:: Data for this task
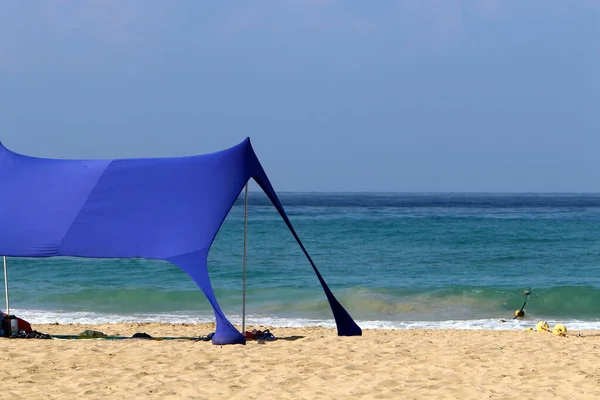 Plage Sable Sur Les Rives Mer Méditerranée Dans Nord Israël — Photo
::::
:: Data for this task
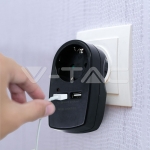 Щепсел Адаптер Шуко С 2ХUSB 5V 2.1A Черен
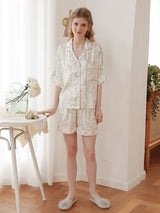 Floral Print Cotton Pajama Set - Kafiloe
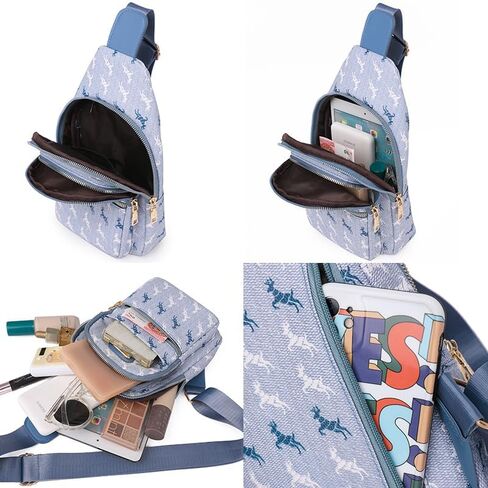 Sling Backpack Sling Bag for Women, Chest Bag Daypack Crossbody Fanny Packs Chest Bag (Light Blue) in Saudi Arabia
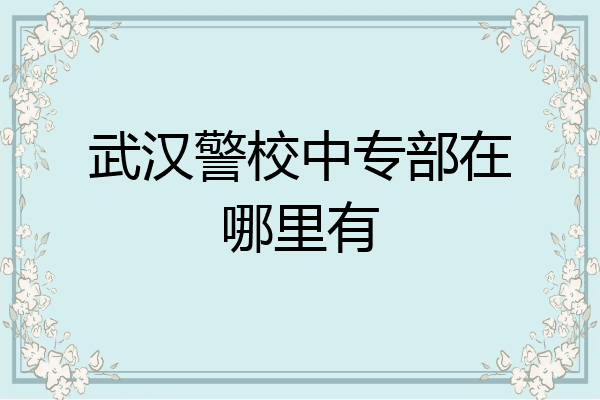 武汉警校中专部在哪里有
::::
[Try it]:
Look above for the line containing "Sling Backpack Sling", then copy exactly from it through the line containing "武汉警校中专部在哪里有", keeping both and leaving out pictures. Add nothing else.

[Your response]:
 Sling Backpack Sling Bag for Women, Chest Bag Daypack Crossbody Fanny Packs Chest Bag (Light Blue) in Saudi Arabia
 武汉警校中专部在哪里有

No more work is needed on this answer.